Потом была Елена Черноусова, потом Ада Паратова, артистка эстрады. С Адой было веселее, как потом вспоминал писатель: «Мы шумно, с выдумкой отдыхали, получив гонорары: я, Саша Галич и Ада…»
Где-то в перерыве между загулами и женитьбами Юрий Маркович покупает пай в ДСК «Советский писатель», строит дачу. Здесь его настигает пятая женитьба, о которой нужно сказать особо.

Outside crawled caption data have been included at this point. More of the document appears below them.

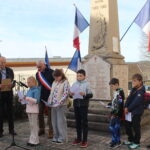 Des élèves lisent des lettres de soldats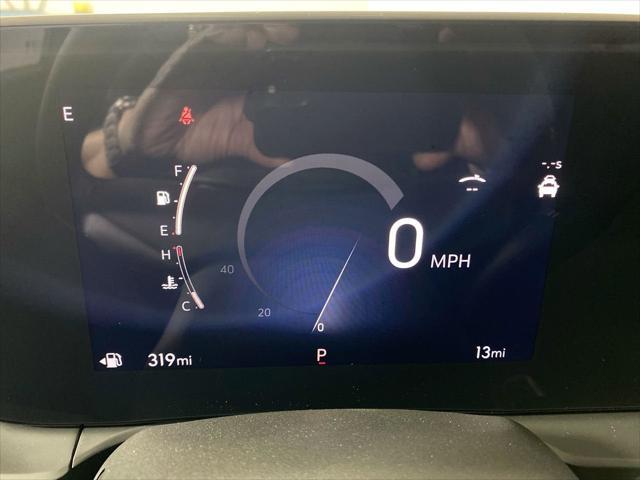 new 2025 Buick Envista car, priced at $25,150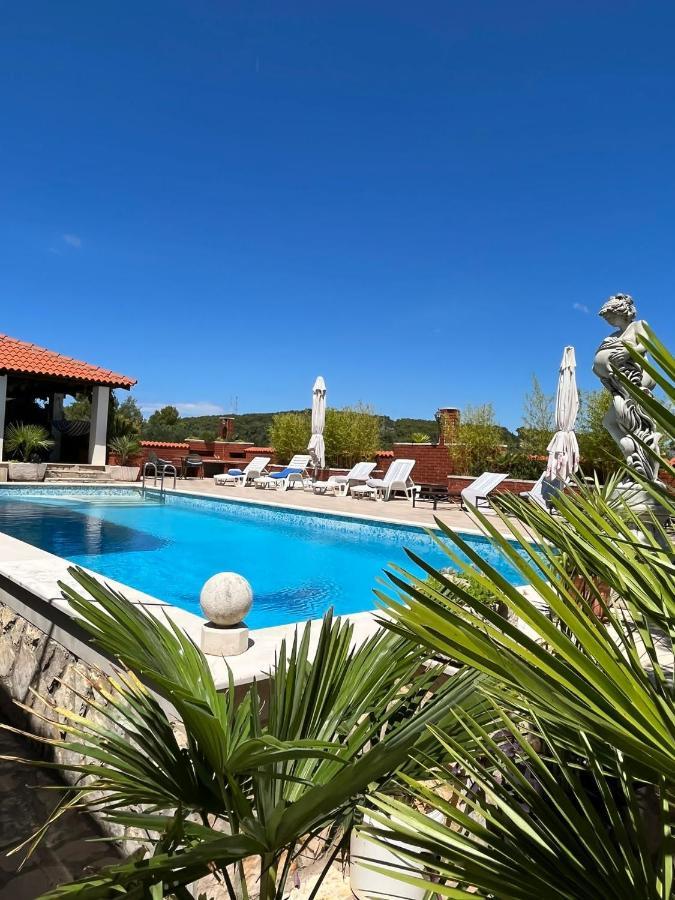 Apartment With Swimming Pool Jelsa  Esterno foto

Его пятой женой становится в 1961 году потрясающе талантливая поэтесса Белла Ахмадулина. Необыкновенная смесь наивной девочки и чувственной женщины, божьей искры и дьявольских наваждений, объект воздыхания всех интеллигентных молодых людей шестидесятых и проклятий брошенных ради нее женщин, она не могла не привлечь внимания Нагибина. Она была первой женой Евгения Евтушенко, по словам Юрия Марковича «он научил ее пить портвейн». Нагибин взял ее основательностью, наличием больших по тем временам денег. Начались сниматься фильмы по его сценариям, а это приносило совсем другие гонорары. Говорят, что сценарий умирает в тот момент, когда снимается фильм. Может быть, это и так, но эта смерть является отнюдь не бесплатной. Кроме того, Белла была покорена домашним уютом семейной дачной жизни. Мама писателя, Ксения Алексеевна, при первой же встрече накормила ее вкусным борщом. Он ей так понравился, что поэтесса посвятила ему стихотворение. Нагибин подозревал, что она вообще впервые попробовала настоящий борщ.
«Для Беллы я выстроил второй этаж дачи, чтобы ей было уютнее писать стихи, сидя в «скворечнике», созерцая мир сверху. Она так хотела. Но Белла не всегда использовала этот уют по назначению. Выпивала свой портвейн и через окно убегала к поклонникам.
В конце концов, моей маме это надоело. Мне, признаться, тоже…»
Писателю также до смерти надоело обнаруживать свою жену в постелях друзей и знакомых, крах восьмилетнего брака стал неизбежным.
Нагибин и Ахмадулина были очень друг на друга похожи. Оба талантливые, со своим индивидуальным мироощущением, оба пьющие и загульные, оба пылкие и влюбчивые. Оба несдержанные в своих порывах. Однажды Нагибин, застав ее с любовником, разбил тому голову бутылкой. Досталось и Белле.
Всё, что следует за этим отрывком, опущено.